US and Russian Presidents Joe Biden and Vladimir Putin released a joint statement outlining their shared objective to continue working toward a more stable and predictable relationship between the two nations that includes reducing the threat of nuclear war.
“Today, we reaffirm the principle that a nuclear war cannot be won and must never be fought,” the presidents said after their 3-hour meeting in Geneva on Wednesday.
The statement also said the United States and Russia would continue working together on future arms control through “an integrated bilateral Strategic Stability Dialogue in the near future that will be deliberate and robust”
The presidents said their the countries have “demonstrated that, even in periods of tension, they are able to make progress on our shared goals of ensuring predictability in the strategic sphere, reducing the risk of armed conflicts and the threat of nuclear war.”
In an earlier news conference, Putin called the talks “quite constructive” and said he and Biden agreed to return their ambassadors to their respective posts in Washington and Moscow. Putin also said he and Biden had reached an agreement to start discussions on cybersecurity.
There are consequences if Putin continues to behave in ways that alarm the leaders of the world’s most powerful countries — and he is aware of that, Biden said Wednesday during a news conference following his meeting with the Russian leader.

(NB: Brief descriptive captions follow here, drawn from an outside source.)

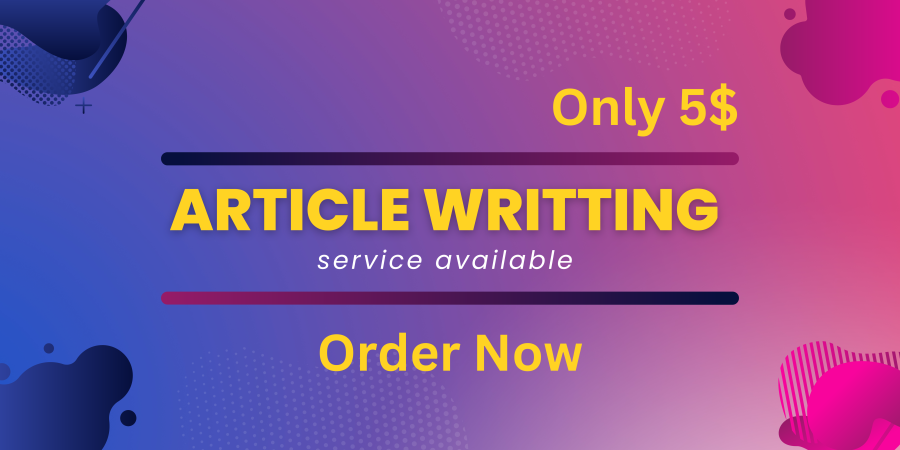 I will write article and data typing.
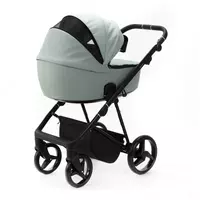 Детская коляска 2-в-1 "Adamex" Blanc Standart PS122 (Польша) Мята Только в розницу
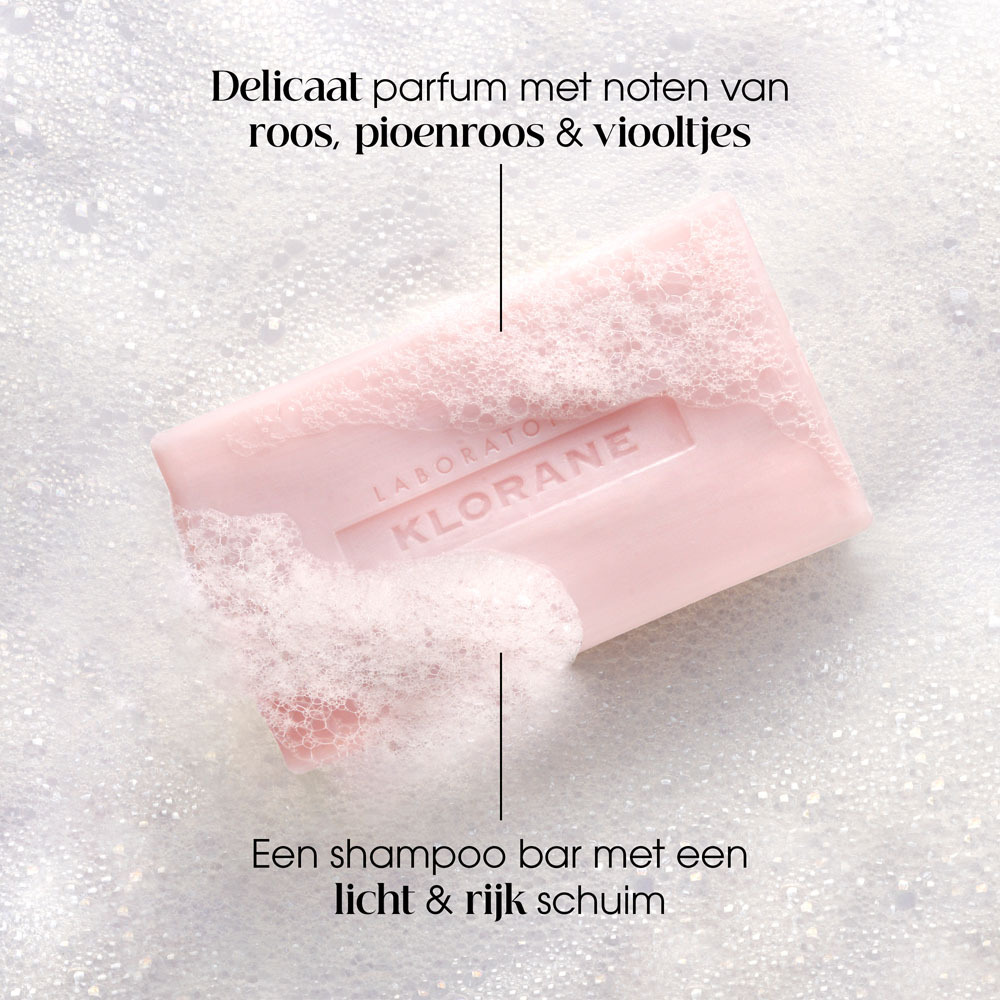 Klorane Capil. Sh Bar Pioenroos 80g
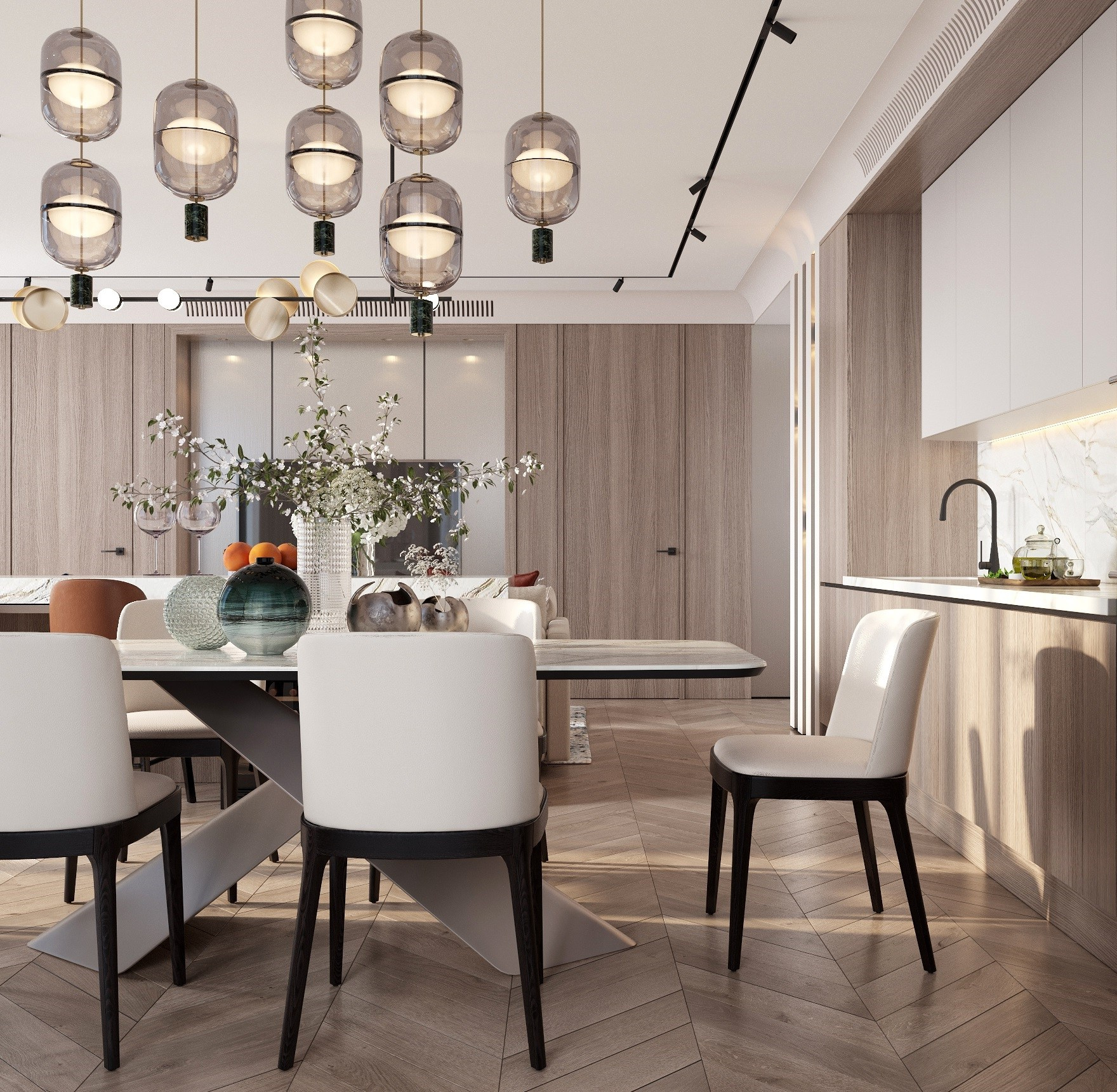 ЖК Скай хаус 4. Дизайн интерьера в Москве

Biden wouldn’t say whether he trusted Putin, saying the objective wasn’t about trust but about America’s self interest. “Look, this is not about trust,” he said. “This is about self-interest and verification of self interest. That’s what it’s about.”

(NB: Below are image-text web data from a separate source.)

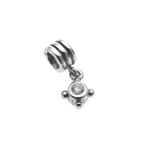 Pandora bedel hanger; Zilver; Clear Compass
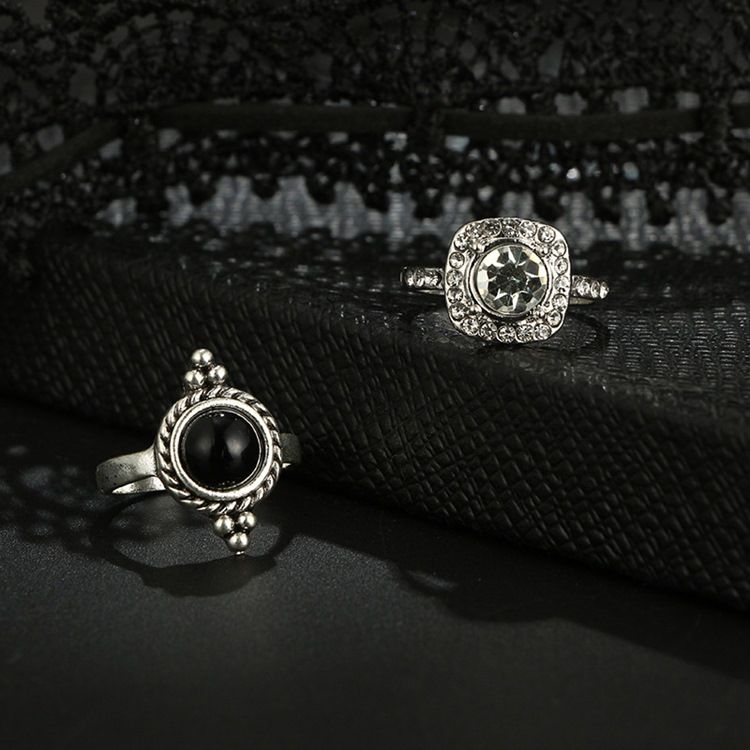 Vintage Diamante Holiday Women's Rings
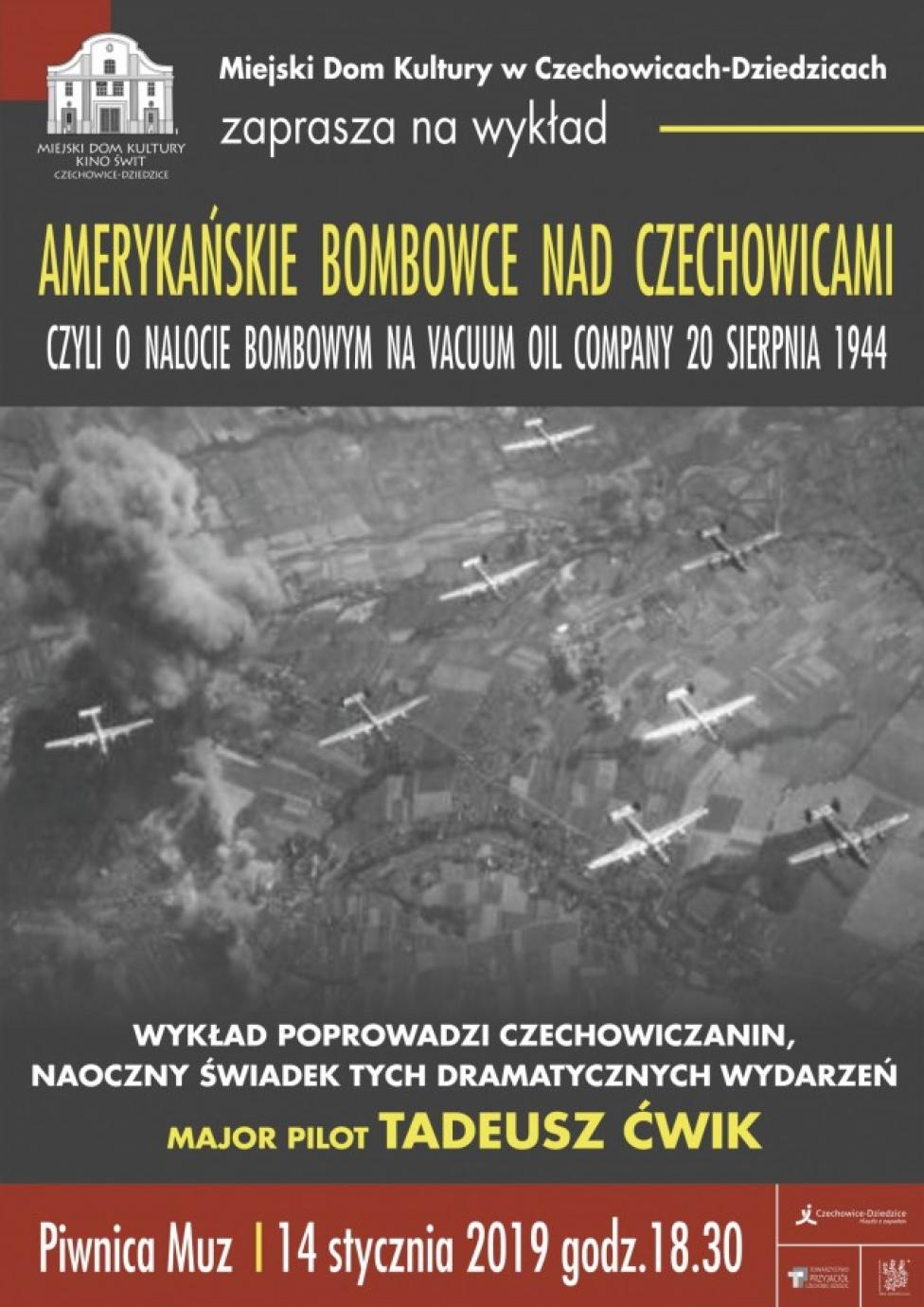 Wykład "Amerykańskie bombowce nad Czechowicami" (fot. czecho.pl)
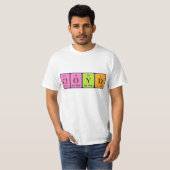 クロイド定期テーブル名のシャツ Tシャツ (正面フル)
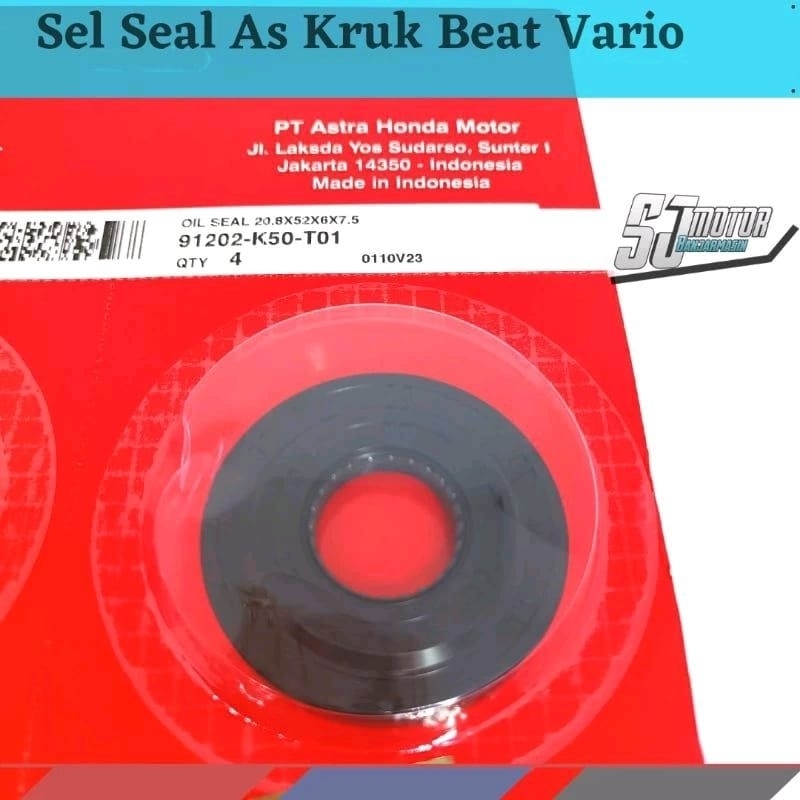 ซีลข้อเหวี่ยงซ้าย 20.8-52-7.5 AMM Beat(FI)Vario (FI) Scoopy (FI) Spacy (FI) 91202-K50-T01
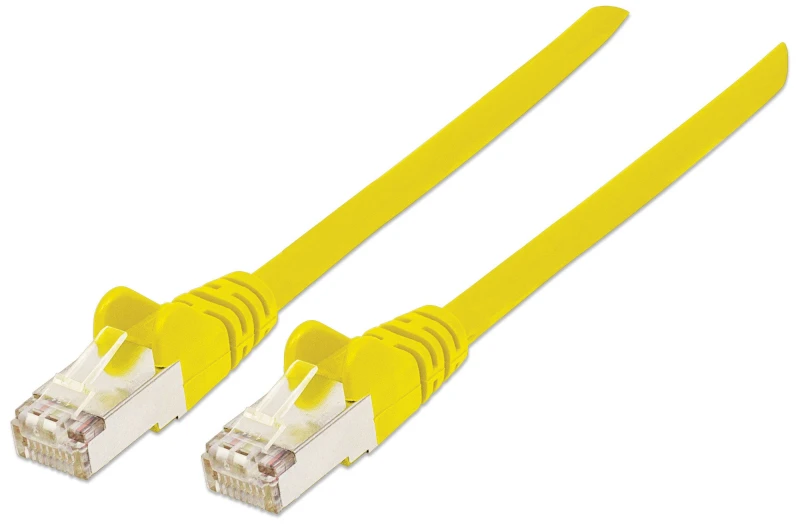 Image of Intellinet Network Patch Cable. Cat5e. 2m. Yellow. CCA. SF/UTP. PVC. R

Biden said he would never go into an agreement with someone on behalf of the American people and blindly trust that person before they’d actually done what they said they’d do.

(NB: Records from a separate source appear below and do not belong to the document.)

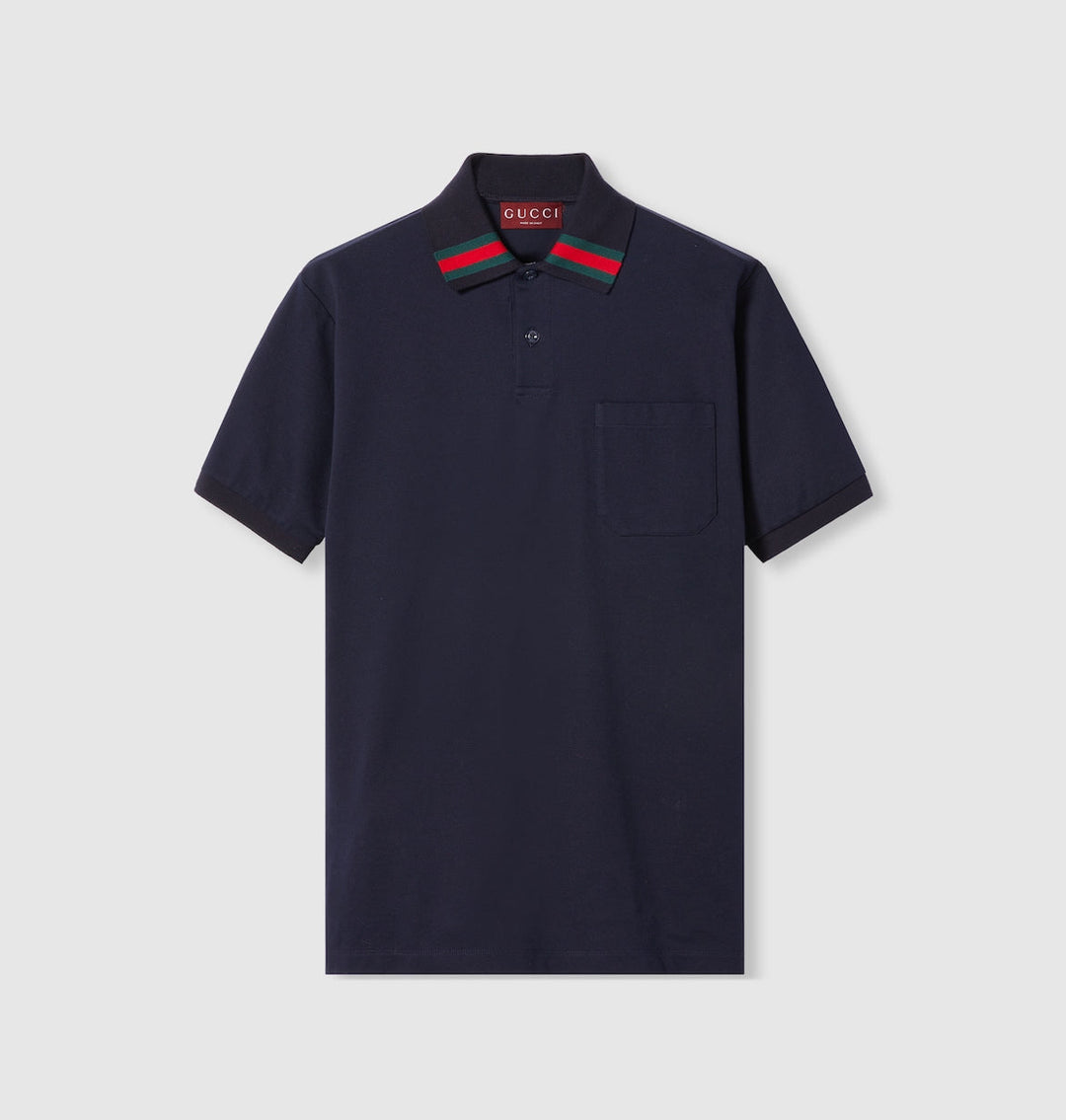 Polo en coton avec bande Web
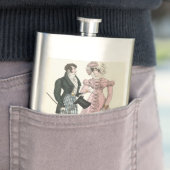 1823アンティーク結婚の女性ファッション フラスク (インサイチュ)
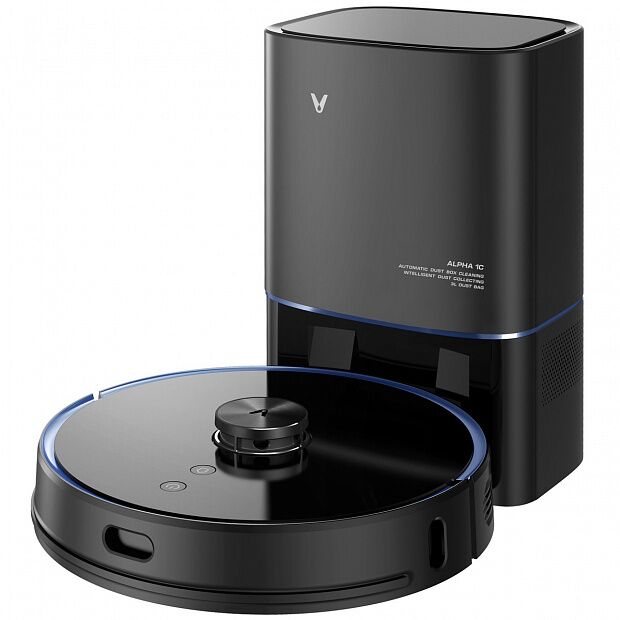 Робот-пылесос с базой самоочистки Viomi Robot Vacuum Cleaner Alpha S9 V-RVCLMD28B EU (Black) - отзывы - 1
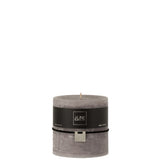 Bougie cylindrique J-Line gris foncé, élégance moderne et chaleureuse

A first summit between U.S. President Joe Biden and his Russian counterpart was “constructive,” Vladimir Putin said Wednesday after the talks in Geneva ended.
“The conversation was absolutely constructive,” Putin told reporters, adding that the sides had agreed for their ambassadors to return in a small gesture of healing in their strained relations.
The ambassadors “will return to their place of work. When exactly is a purely technical question,” Putin told reporters after the summit, which lasted about three and a half hours.
Diplomatic relations between Moscow and Washington had all but broken down since Biden took office in January.
After Biden likened Putin to a “killer,” Russia in March took the rare step of recalling its ambassador Anatoly Antonov. The U.S. envoy, John Sullivan, likewise returned to Washington.
Despite tensions, the summit at an elegant villa on the shore of Lake Geneva got off to a good start, with the two leaders shaking hands and striking cautiously positive notes.
Biden, who was set to hold a separate press conference later, pressed Putin to replace the combustible U.S.-Russian stand-off with a more “predictable” relationship between “two great powers” capable of agreeing to disagree.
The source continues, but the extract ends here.